S&P 500 ends at lowest since June 1 as data fuels rate worries

NEW YORK: The S&P 500 index closed at its lowest level since June 1 on Tuesday (Oct 3) as economic data underscored the view the Federal Reserve (Fed) may need to keep interest rates high.

The Dow Jones Industrial Average fell 430.97 points, or 1.29%, to 33,002.38, the S&P 500 lost 58.94 points, or 1.37%, at 4,229.45 and the Nasdaq Composite dropped 248.31 points, or 1.87%, to 13,059.47.

The Dow turned negative for the year for the first time since June and ended at its lowest level since May 31. The Nasdaq also closed at its lowest since May 31. While the Dow is down 0.4% for the year, the Nasdaq remains up about 25% since Dec 31 after a rally driven by enthusiasm over artificial intelligence.

Data showed US job openings unexpectedly increased in August, fuelling worries about a tight labour market ahead of Friday’s key US monthly jobs report.

Investors continue to closely watch benchmark Treasury yields, which hit 16-year highs on Tuesday.

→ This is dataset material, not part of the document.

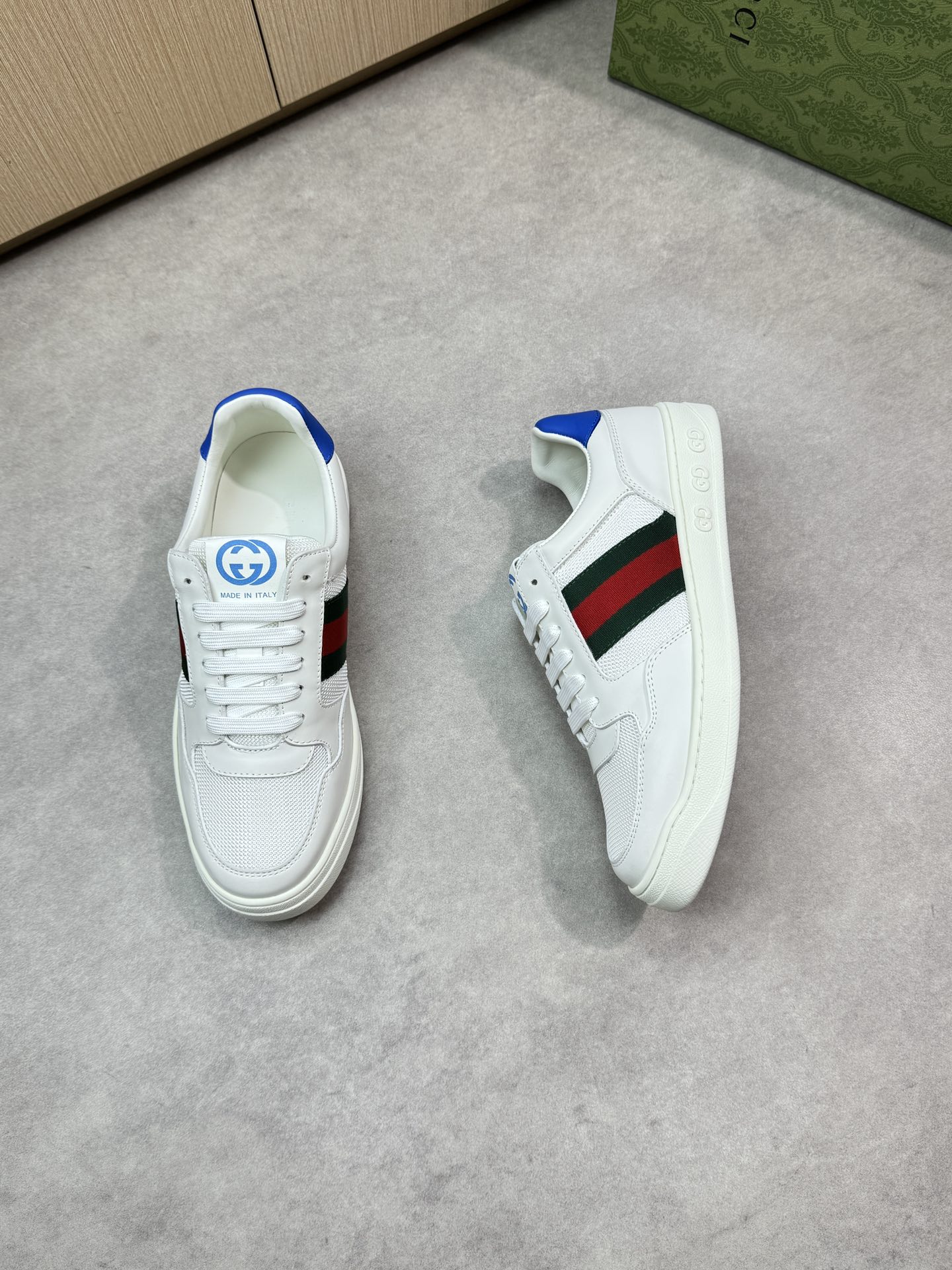 Gucci Men's Leather & Canvas Sneakers with Web Stripe - White/Blue Trim 3 i1746726187 7181 1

“The scenario that most investors were assuming is the Fed would need to ultimately cut short-term rates, and we would return to a favourable interest rate environment,” said Rick Meckler, partner at Cherry Lane Investments, a family investment office in New Vernon, New Jersey.

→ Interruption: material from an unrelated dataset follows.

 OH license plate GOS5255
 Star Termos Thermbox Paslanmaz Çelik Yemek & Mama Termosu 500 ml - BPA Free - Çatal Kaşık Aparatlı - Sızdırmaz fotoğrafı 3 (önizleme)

“But investors are seeing a different scenario now – higher rates for longer.”

Higher borrowing costs are a negative for businesses and consumers.

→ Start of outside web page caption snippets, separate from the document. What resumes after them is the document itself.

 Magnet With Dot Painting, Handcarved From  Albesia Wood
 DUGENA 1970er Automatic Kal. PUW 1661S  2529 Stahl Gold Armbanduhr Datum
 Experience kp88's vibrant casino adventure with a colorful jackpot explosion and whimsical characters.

All but one S&P 500 sector – utilities – were lower on the day, led by declines in consumer discretionary and technology. Growth companies tend to be among the hardest hit by rising yields.

The CBOE volatility index, Wall Street’s “fear gauge”, hit its highest close since May 24.

Atlanta Fed president Raphael Bostic said there is no urgency for the central bank to raise its policy rate again, but it will likely be “a long time” before rate cuts are appropriate. Cleveland Fed president Loretta Mester said she is open to raising rates again, potentially at the bank’s next meeting.

Shares of Amazon.com and Microsoft dropped after Reuters reported British media regulator Ofcom will push for an antitrust investigation into the companies’ dominance of the UK cloud computing market.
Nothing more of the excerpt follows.